• Task directions:
Quote exactly, and only, the lines of the material below from the line with "بأسمي رقم بغداد الدولي مصفرة هيئة وغرامات" through the line with "Pandemicinspired Fashion Woman".

• Dataset extract:
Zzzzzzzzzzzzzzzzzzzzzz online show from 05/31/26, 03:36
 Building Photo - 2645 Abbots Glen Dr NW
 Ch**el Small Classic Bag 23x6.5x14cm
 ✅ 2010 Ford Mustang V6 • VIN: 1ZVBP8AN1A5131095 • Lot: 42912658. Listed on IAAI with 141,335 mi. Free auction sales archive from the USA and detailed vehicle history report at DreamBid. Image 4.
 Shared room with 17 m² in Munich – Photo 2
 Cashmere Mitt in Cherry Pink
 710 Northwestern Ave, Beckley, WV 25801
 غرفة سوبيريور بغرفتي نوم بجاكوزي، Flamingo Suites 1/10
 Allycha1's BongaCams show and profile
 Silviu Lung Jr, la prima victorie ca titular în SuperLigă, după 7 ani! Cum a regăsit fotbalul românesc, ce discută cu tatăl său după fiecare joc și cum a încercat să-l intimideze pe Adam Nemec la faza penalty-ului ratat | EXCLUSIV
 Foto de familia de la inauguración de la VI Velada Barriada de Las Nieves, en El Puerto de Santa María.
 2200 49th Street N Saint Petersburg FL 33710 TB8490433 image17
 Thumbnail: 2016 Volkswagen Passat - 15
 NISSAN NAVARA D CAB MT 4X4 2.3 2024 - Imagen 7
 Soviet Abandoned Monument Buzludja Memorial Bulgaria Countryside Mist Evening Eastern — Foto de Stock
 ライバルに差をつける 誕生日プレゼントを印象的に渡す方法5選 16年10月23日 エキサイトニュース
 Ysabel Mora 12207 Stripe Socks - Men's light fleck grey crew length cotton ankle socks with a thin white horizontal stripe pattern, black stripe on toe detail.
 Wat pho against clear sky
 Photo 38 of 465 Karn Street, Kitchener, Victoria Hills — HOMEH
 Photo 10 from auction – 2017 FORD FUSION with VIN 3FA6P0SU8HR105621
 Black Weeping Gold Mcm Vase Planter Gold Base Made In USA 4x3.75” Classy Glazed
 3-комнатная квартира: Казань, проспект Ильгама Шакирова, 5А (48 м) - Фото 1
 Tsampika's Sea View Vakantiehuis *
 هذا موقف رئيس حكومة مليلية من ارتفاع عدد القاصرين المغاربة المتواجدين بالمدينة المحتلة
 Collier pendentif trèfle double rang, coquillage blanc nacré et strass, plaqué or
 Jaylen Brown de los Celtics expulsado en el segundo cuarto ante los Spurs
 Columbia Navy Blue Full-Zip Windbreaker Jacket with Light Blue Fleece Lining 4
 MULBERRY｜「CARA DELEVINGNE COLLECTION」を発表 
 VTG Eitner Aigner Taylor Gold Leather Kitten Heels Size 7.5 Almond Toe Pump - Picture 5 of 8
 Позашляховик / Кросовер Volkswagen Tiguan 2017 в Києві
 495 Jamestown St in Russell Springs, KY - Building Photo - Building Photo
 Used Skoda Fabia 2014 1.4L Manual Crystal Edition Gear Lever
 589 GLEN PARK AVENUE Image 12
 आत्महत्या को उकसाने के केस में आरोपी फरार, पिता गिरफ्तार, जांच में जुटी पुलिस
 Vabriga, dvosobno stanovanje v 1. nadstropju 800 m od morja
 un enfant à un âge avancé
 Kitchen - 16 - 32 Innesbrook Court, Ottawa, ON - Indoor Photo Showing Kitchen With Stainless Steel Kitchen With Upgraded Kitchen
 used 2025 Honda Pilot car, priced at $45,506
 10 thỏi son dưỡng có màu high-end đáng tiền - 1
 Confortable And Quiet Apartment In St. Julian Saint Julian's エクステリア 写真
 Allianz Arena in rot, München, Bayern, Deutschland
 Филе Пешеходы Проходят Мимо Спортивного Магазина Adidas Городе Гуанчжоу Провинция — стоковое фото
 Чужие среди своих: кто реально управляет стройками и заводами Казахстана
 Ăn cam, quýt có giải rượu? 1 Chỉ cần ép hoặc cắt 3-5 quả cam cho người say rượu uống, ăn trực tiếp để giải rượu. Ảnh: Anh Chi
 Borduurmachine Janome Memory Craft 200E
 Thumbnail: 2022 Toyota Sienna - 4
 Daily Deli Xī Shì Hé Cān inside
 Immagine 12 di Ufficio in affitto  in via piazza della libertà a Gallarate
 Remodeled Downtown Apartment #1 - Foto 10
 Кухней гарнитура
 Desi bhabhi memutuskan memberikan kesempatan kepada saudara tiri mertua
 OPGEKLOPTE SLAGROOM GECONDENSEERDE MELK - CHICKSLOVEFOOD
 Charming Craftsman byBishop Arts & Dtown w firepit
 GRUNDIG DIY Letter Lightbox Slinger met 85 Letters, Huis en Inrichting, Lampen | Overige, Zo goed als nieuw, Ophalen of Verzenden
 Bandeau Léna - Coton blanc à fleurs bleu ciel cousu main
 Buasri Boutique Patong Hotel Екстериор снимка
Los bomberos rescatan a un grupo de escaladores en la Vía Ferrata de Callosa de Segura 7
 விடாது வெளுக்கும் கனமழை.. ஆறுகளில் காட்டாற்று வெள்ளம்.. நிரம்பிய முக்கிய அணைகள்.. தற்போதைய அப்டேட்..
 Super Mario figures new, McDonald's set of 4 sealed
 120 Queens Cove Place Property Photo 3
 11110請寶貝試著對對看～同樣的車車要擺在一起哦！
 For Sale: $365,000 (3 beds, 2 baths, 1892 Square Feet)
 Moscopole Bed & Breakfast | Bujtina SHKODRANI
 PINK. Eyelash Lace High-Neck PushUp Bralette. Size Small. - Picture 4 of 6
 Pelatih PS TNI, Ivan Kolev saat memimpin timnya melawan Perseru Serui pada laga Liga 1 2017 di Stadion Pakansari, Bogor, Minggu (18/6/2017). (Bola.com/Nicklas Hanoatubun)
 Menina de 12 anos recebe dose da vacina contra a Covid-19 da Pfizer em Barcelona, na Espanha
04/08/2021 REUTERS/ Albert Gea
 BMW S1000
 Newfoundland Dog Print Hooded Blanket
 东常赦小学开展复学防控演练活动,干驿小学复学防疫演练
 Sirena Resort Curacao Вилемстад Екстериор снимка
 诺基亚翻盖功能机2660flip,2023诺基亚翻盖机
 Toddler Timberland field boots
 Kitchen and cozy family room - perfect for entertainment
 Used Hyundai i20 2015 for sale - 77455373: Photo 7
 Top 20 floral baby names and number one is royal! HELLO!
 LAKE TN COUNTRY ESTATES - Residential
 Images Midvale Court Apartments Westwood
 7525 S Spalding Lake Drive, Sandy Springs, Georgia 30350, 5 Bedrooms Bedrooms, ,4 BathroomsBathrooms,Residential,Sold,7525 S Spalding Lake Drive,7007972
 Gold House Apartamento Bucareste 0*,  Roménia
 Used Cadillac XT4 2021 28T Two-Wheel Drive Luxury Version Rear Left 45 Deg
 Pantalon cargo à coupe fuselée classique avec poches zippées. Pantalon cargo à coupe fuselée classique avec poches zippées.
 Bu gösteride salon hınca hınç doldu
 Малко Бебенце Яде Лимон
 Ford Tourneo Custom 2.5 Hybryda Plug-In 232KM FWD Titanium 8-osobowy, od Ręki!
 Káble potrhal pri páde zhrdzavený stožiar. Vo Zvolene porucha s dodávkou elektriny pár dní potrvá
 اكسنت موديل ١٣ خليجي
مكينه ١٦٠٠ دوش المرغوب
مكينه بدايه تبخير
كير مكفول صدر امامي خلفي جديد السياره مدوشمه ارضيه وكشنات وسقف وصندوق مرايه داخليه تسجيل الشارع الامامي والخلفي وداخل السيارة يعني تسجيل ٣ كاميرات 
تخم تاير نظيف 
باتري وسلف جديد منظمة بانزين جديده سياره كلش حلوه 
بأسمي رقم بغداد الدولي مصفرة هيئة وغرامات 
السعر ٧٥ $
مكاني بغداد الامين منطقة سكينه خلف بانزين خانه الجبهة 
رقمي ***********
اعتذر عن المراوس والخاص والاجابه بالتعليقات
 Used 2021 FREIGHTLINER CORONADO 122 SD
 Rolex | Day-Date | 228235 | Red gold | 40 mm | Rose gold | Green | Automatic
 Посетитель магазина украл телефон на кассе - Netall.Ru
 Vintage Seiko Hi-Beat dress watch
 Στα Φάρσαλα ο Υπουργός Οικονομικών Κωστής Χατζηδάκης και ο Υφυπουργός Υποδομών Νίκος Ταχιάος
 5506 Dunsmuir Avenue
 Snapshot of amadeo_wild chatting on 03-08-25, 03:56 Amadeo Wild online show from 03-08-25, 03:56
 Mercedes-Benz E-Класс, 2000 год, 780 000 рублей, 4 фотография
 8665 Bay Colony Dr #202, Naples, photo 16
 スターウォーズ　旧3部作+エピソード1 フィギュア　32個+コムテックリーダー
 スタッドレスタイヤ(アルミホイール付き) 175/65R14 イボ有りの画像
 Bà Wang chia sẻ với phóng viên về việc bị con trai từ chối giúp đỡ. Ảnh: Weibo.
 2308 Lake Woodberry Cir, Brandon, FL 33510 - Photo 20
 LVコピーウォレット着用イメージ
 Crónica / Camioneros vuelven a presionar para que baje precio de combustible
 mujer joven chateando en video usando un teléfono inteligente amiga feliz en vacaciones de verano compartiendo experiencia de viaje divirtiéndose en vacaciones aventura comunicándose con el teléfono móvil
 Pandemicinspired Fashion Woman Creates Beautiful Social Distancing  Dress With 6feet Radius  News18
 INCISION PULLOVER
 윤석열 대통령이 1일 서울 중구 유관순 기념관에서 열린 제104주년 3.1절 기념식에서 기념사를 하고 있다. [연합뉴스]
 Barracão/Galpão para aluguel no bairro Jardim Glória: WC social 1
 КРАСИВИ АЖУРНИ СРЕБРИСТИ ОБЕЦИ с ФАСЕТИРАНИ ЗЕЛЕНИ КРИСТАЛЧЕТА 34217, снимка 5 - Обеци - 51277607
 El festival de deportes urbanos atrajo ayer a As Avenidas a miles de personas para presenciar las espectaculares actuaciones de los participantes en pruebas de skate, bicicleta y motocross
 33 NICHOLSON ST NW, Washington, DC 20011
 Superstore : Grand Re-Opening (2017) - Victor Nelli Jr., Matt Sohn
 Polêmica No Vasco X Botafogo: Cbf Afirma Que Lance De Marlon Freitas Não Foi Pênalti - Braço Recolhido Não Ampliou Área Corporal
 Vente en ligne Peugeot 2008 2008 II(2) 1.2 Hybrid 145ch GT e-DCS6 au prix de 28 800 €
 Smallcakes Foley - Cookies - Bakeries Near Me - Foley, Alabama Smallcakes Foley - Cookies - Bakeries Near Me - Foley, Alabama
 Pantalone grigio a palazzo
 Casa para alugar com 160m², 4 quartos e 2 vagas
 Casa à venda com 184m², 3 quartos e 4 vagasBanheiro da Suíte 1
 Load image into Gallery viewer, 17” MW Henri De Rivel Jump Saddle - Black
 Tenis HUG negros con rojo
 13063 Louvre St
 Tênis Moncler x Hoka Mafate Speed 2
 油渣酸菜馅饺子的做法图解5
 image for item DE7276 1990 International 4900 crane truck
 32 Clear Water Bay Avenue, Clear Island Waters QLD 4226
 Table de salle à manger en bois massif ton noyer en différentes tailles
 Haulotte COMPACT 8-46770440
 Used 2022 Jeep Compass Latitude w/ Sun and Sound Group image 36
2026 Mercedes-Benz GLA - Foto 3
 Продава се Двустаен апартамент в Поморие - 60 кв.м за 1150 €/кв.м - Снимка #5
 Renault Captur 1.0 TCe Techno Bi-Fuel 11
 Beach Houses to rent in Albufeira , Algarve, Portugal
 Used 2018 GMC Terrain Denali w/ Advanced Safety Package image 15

• Output:
بأسمي رقم بغداد الدولي مصفرة هيئة وغرامات 
السعر ٧٥ $
مكاني بغداد الامين منطقة سكينه خلف بانزين خانه الجبهة 
رقمي ***********
اعتذر عن المراوس والخاص والاجابه بالتعليقات
 Used 2021 FREIGHTLINER CORONADO 122 SD
 Rolex | Day-Date | 228235 | Red gold | 40 mm | Rose gold | Green | Automatic
 Посетитель магазина украл телефон на кассе - Netall.Ru
 Vintage Seiko Hi-Beat dress watch
 Στα Φάρσαλα ο Υπουργός Οικονομικών Κωστής Χατζηδάκης και ο Υφυπουργός Υποδομών Νίκος Ταχιάος
 5506 Dunsmuir Avenue
 Snapshot of amadeo_wild chatting on 03-08-25, 03:56 Amadeo Wild online show from 03-08-25, 03:56
 Mercedes-Benz E-Класс, 2000 год, 780 000 рублей, 4 фотография
 8665 Bay Colony Dr #202, Naples, photo 16
 スターウォーズ　旧3部作+エピソード1 フィギュア　32個+コムテックリーダー
 スタッドレスタイヤ(アルミホイール付き) 175/65R14 イボ有りの画像
 Bà Wang chia sẻ với phóng viên về việc bị con trai từ chối giúp đỡ. Ảnh: Weibo.
 2308 Lake Woodberry Cir, Brandon, FL 33510 - Photo 20
 LVコピーウォレット着用イメージ
 Crónica / Camioneros vuelven a presionar para que baje precio de combustible
 mujer joven chateando en video usando un teléfono inteligente amiga feliz en vacaciones de verano compartiendo experiencia de viaje divirtiéndose en vacaciones aventura comunicándose con el teléfono móvil
 Pandemicinspired Fashion Woman Creates Beautiful Social Distancing  Dress With 6feet Radius  News18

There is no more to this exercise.